Au moins 6 000 personnes en quête d’asile sont enfermées sur place depuis l’entrée en vigueur du nouveau plan de l’Union européenne (UE), le 20 mars. Certaines ont déjà été expulsées vers la Turquie, d’où elles étaient arrivées, tandis que de nombreuses autres attendent avec inquiétude qu’on leur réserve le même sort.

Mais elles ne sont pas les seules à être bloquées en Grèce. Quelque 46 000 autres personnes se trouvent dans des sites souvent très sales et surpeuplés à travers la Grèce continentale. Elles vivent dans l’incertitude, car elles sont arrivées après la fermeture de la frontière nord de la Grèce au début du mois de mars, et avant l’entrée en vigueur de l’accord d’expulsion conclu entre l’UE et la Turquie.

Nous avons rencontré certaines d’entre elles récemment : Sham, six ans, dont la maison en Syrie a été bombardée. Masih, qui a fui les talibans qui le menaçaient parce qu’il avait travaillé pour les Nations unies. Et Suzan, venue d’Irak, qui a failli accoucher dans une tente dans un terminal de ferries à Athènes.
Tous sont pris au piège d’une crise ne pouvant être résolue que par ceux qui l’ont créée - les gouvernements européens.

« Cette crise ne peut être résolue que par ceux qui l’ont créée - les gouvernements européens »

Nulle part où se reposer

Sham, âgée de six ans, est une petite fille menue venant de Syrie, l’une des plus jeunes membres d’une grande et sympathique famille ayant quitté Damas ensemble.

Si Sham a fui les bombes qui ont détruit sa maison et effectué un périple terrifiant vers l’Europe à bord d’un canot pneumatique, les gouvernements européens ont décidé de tourner le dos aux personnes comme elle.
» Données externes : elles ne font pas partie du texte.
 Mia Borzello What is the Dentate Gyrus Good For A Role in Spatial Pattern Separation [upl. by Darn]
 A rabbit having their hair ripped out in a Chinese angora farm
Le 8 mars, ils ont complètement fermé les frontières.
Au lieu de poursuivre vers le nord pour rejoindre son père en Allemagne, Sham s’est retrouvée sur le sol crasseux d’un terminal de ferries malodorant au Pirée, le principal port d’Athènes.
Malgré tout ce qu’elle a traversé, cette belle famille continue à sourire et plaisanter. Mais les larmes ne sont pas loin.
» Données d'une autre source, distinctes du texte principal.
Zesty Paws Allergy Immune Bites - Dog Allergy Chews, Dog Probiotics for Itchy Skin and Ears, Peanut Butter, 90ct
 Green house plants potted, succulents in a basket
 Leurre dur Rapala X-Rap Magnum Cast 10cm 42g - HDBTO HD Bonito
Après avoir couru et joué avec son cousin, Sham éclate soudain en sanglots. « Sa grand-mère restée en Syrie lui manque », explique sa mère, Zeinab, tandis qu’elle serre la fillette dans ses bras et verse quelques larmes elle aussi. « Nous n’avons nulle part où nous reposer. »

« Ces personnes n’ont nulle part où aller - elles sont bloquées. C’est déchirant. » Stavriana, bénévole au Pirée, en Grèce.
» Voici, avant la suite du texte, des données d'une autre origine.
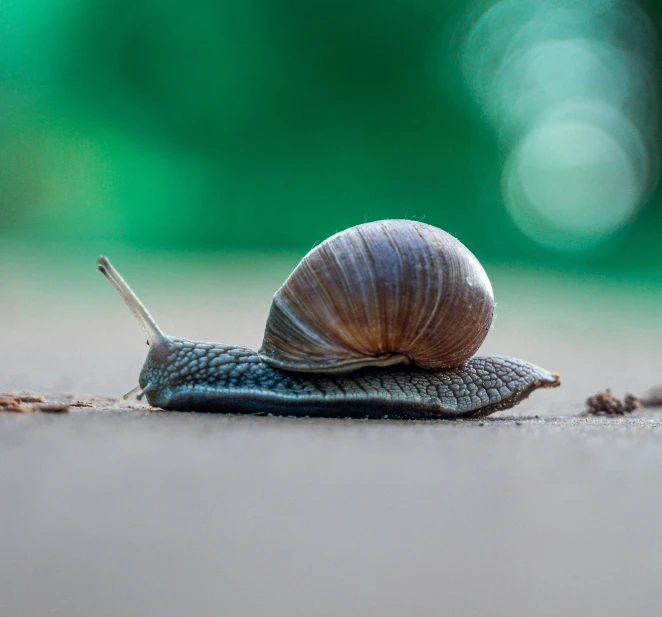 a large snails is crawling along the sidewalk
Aidés par des bénévoles admirables

Une chose est claire : La Grèce ne peut tout simplement pas s’occuper de toutes les personnes se retrouvant prises au piège sur place. La famille de Sham a fait partie des milliers de personnes forcées à dormir à même le sol ou dans des tentes pendant des nuits glaciales.
Quand nous nous sommes rendus au Pirée à la mi-mars, il n’y avait pas d’eau chaude, et les ordures s’accumulaient. Les médecins avaient signalé des punaises de lit, des poux et des réactions allergiques liées à l’impossibilité de se laver. Les enfants, y compris Sham, étaient fiévreux et avaient la diarrhée.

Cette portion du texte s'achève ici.